» YOUR TASK
Write out, word for word and with no pictures, each line below from the one containing "The next product" through the one containing "The biggest thing", both included, and no other line.

» SUPPLIED RECORDS

▬▬▬

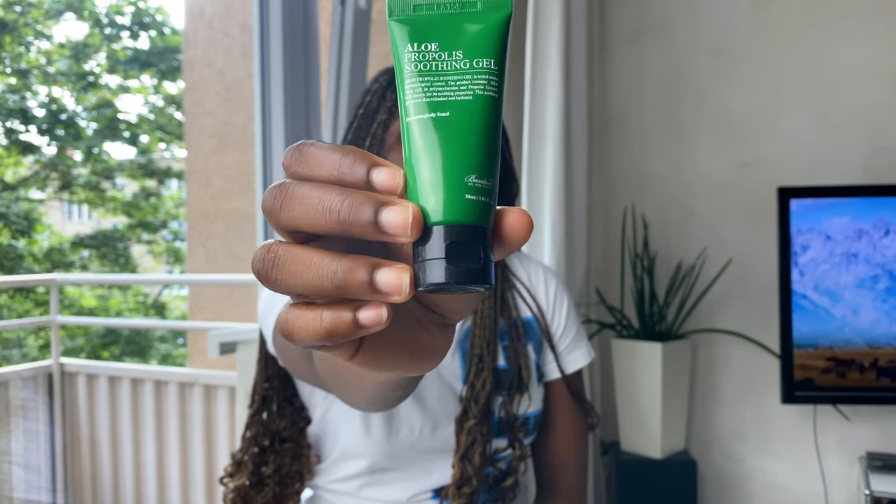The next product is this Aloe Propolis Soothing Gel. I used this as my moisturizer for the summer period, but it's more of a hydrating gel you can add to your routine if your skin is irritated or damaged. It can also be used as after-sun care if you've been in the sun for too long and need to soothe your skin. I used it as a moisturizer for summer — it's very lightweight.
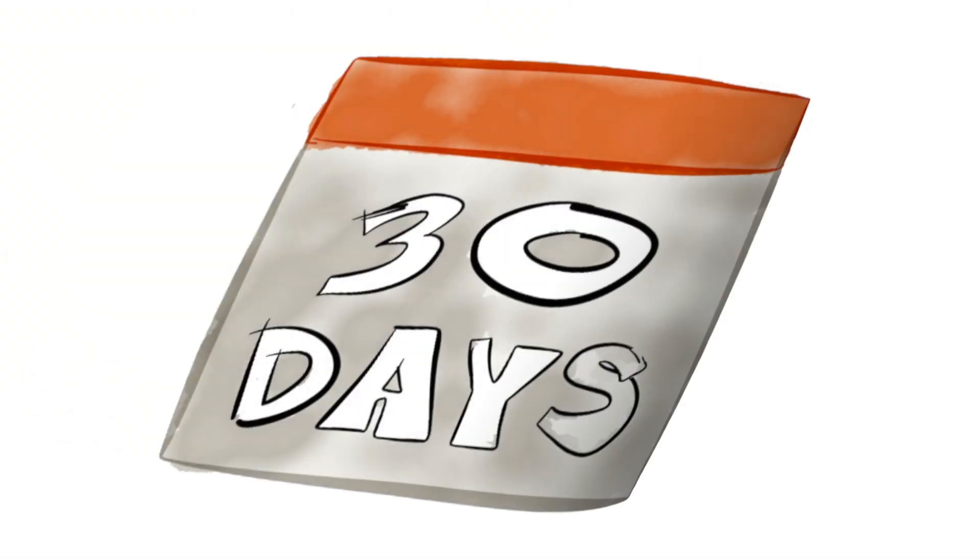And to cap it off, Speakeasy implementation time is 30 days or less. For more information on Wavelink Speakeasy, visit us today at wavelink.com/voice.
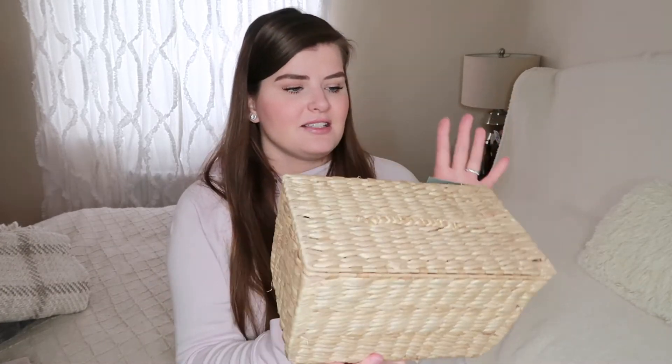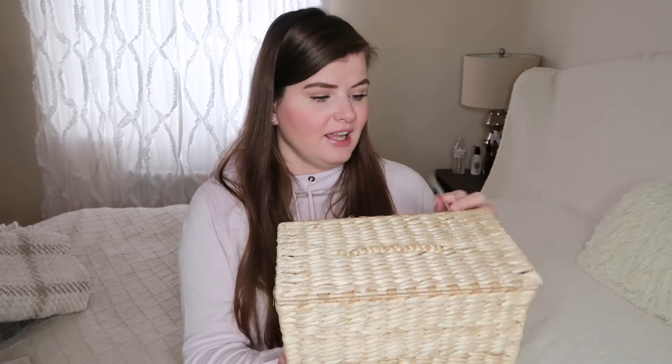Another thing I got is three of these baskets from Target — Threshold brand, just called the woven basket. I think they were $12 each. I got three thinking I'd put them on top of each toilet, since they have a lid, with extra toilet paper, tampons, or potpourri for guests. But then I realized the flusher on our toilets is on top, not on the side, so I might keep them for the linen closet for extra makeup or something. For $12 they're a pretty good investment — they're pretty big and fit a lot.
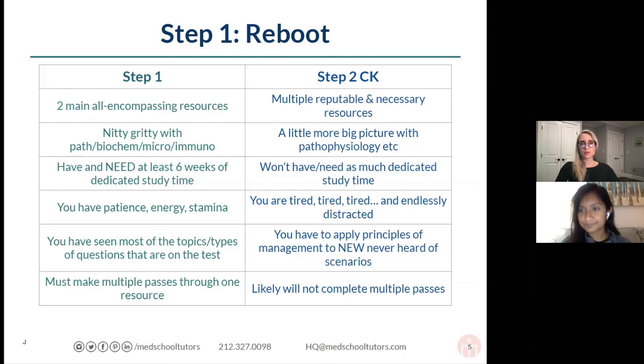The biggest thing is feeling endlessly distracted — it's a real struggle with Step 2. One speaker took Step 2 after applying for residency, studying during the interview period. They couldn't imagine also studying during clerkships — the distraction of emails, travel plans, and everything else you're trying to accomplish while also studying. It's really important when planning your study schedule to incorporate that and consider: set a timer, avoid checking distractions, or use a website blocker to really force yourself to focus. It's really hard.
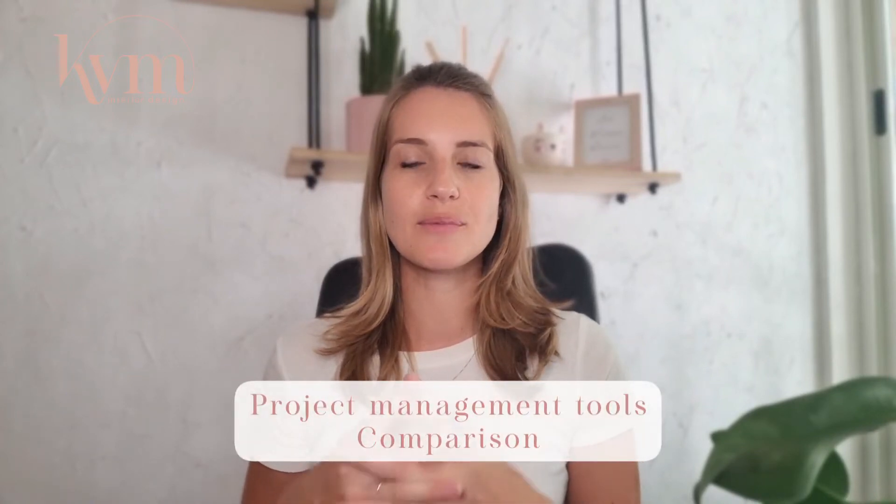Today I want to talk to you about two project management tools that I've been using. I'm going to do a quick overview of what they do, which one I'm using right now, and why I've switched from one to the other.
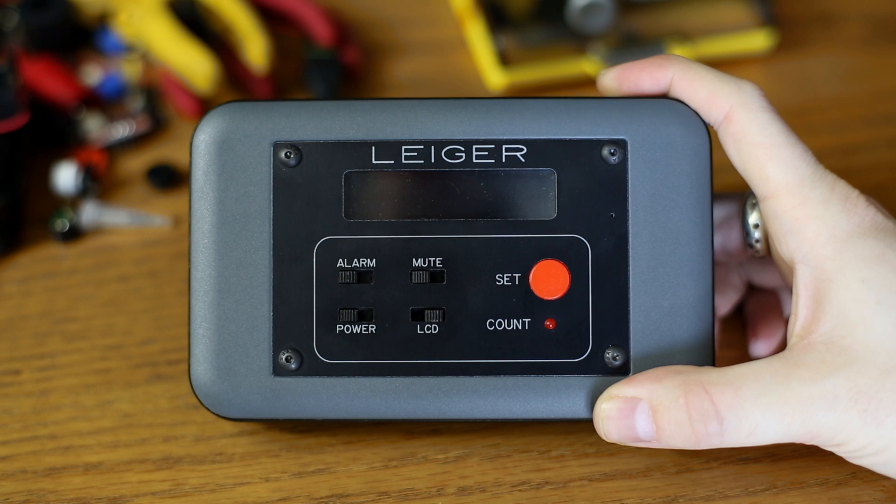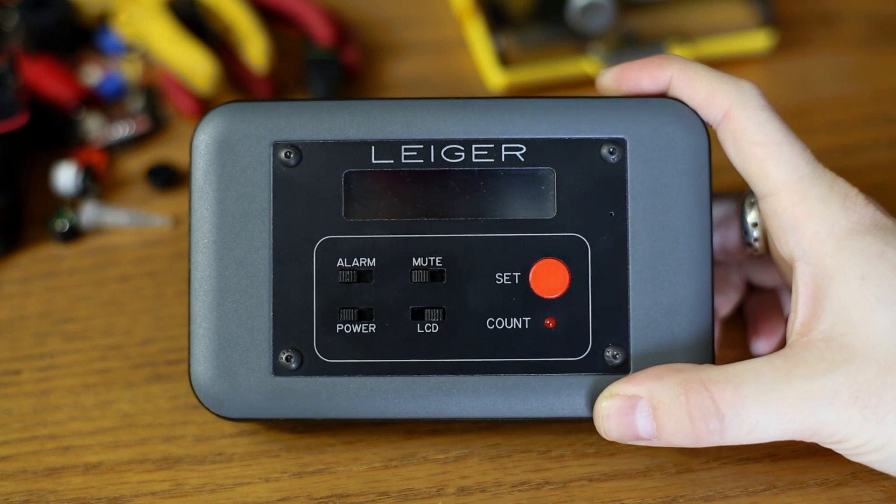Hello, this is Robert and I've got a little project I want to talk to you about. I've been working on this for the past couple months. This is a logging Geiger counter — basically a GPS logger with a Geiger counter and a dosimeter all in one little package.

▬▬▬

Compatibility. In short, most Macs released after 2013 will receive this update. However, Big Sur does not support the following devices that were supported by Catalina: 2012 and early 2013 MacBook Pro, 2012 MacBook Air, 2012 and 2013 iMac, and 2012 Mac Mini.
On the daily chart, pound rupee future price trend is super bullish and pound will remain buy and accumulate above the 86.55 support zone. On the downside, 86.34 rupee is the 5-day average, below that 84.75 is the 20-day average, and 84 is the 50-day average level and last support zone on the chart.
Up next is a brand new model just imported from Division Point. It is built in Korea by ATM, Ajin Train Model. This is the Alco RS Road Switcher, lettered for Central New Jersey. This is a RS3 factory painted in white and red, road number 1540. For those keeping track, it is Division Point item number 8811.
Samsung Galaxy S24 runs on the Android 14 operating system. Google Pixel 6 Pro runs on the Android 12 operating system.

▬▬▬

» TASK RESULT
The next product is this Aloe Propolis Soothing Gel. I used this as my moisturizer for the summer period, but it's more of a hydrating gel you can add to your routine if your skin is irritated or damaged. It can also be used as after-sun care if you've been in the sun for too long and need to soothe your skin. I used it as a moisturizer for summer — it's very lightweight.
And to cap it off, Speakeasy implementation time is 30 days or less. For more information on Wavelink Speakeasy, visit us today at wavelink.com/voice.
Another thing I got is three of these baskets from Target — Threshold brand, just called the woven basket. I think they were $12 each. I got three thinking I'd put them on top of each toilet, since they have a lid, with extra toilet paper, tampons, or potpourri for guests. But then I realized the flusher on our toilets is on top, not on the side, so I might keep them for the linen closet for extra makeup or something. For $12 they're a pretty good investment — they're pretty big and fit a lot.
The biggest thing is feeling endlessly distracted — it's a real struggle with Step 2. One speaker took Step 2 after applying for residency, studying during the interview period. They couldn't imagine also studying during clerkships — the distraction of emails, travel plans, and everything else you're trying to accomplish while also studying. It's really important when planning your study schedule to incorporate that and consider: set a timer, avoid checking distractions, or use a website blocker to really force yourself to focus. It's really hard.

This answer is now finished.